Angola; Antigua y Barbuda; Benín; Costa de Marfil; Dominica; Gabón; Gambia; Malawi; Mauritania; Nigeria; Senegal; Tanzania; Tonga; Zambia; Zimbabue; Burundi; Cuba; Togo; Turkmenistán; Venezuela; y la Autoridad Palestina (con la no aceptación de documentos de viaje emitidos por su administración).

Con esta combinación de prohibiciones totales y restricciones parciales, el total de países o entidades afectadas se acerca a las 39, según análisis del Council on Foreign Relations y cobertura de agencias internacionales, superando la cifra de 32 mencionada inicialmente en algunos reportes preliminares.

La postura del presidente Donald Trump

El presidente Trump defendió la decisión bajo el argumento de la seguridad nacional, afirmando que Estados Unidos debe “proteger sus fronteras frente a amenazas externas” y garantizar que todo ingreso al país se realice con controles estrictos. Desde la Casa Blanca se reiteró que la lista no es permanente y que los países podrían ser retirados si demuestran mejoras sustanciales en cooperación migratoria, control de documentos y aceptación de deportaciones.

“El principio es simple: si un país no coopera, no puede esperar acceso irrestricto”, señalaron voceros del Ejecutivo.

Declaraciones de la jefa de Gabinete en Vanity Fair

En paralelo al anuncio, generó repercusión una entrevista concedida a Vanity Fair por Susie Wiles, jefa de Gabinete de la Casa Blanca, en la que abordó tanto la figura del presidente como la del vicepresidente JD Vance.

Sobre Donald Trump, Wiles lo describió con una frase que fue ampliamente citada por la prensa: afirmó que el presidente tiene “an alcoholic’s personality”, una caracterización que, según explicó, alude a un estilo de comportamiento intenso, dominante y convencido de que no existen límites a su capacidad de acción.
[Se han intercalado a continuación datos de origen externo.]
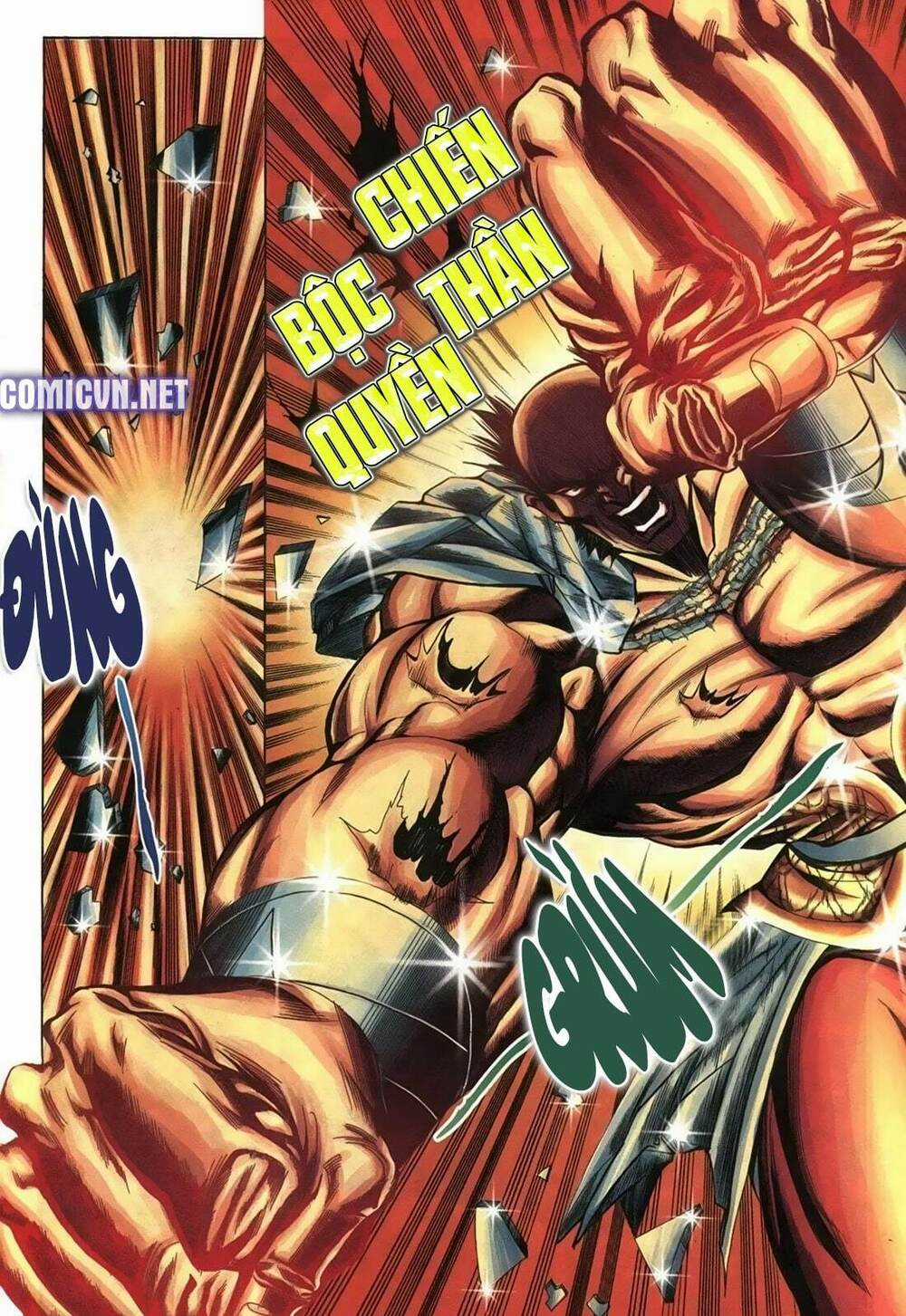 Thiên Hạ Vô Địch Lão Tổ Tông Chapter 83 trang 14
En relación con el vicepresidente JD Vance, Wiles fue aún más directa al señalar que lo considera “a conspiracy theorist for a decade”, en referencia a lo que describió como una trayectoria prolongada promoviendo teorías conspirativas dentro del debate político estadounidense. Estas declaraciones se dieron en el contexto de preguntas sobre la dinámica interna del poder y la influencia del vicepresidente en decisiones sensibles de la actual administración.
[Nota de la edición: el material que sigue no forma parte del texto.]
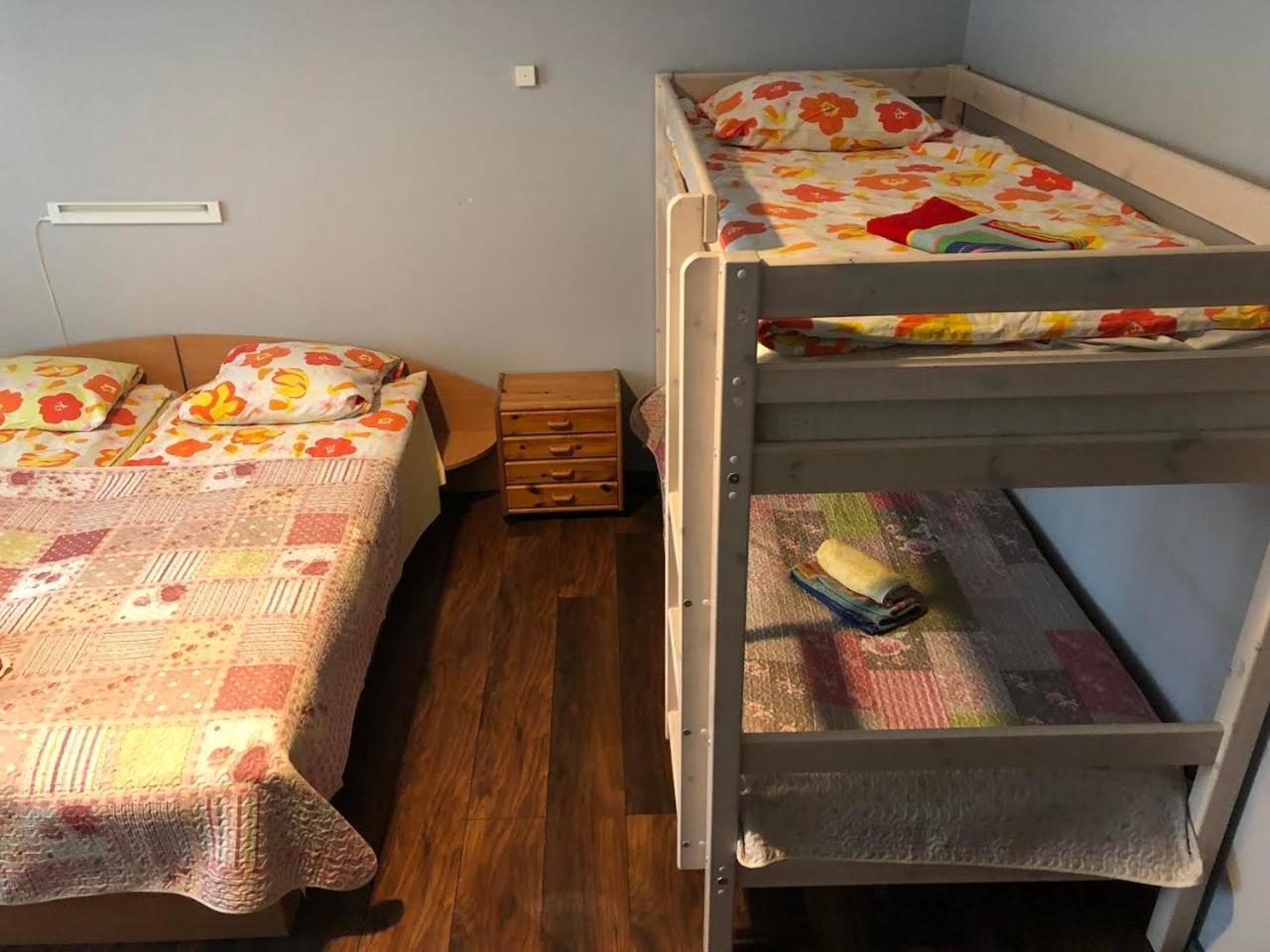 Druspolis Hotel Druskininkai Bagian luar foto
Tras la publicación, la Casa Blanca matizó los comentarios, y la propia Wiles sostuvo que sus palabras fueron sacadas de contexto, mientras que el presidente Trump afirmó públicamente no sentirse ofendido por la descripción.

Reacciones y contexto internacional

La ampliación de la prohibición migratoria provocó críticas inmediatas de organizaciones de derechos humanos, gobiernos extranjeros y agencias internacionales, que advierten sobre impactos humanitarios y posibles violaciones al derecho de asilo. No obstante, la Casa Blanca insistió en que la medida responde exclusivamente a criterios técnicos y de seguridad, y no a consideraciones ideológicas o discriminatorias.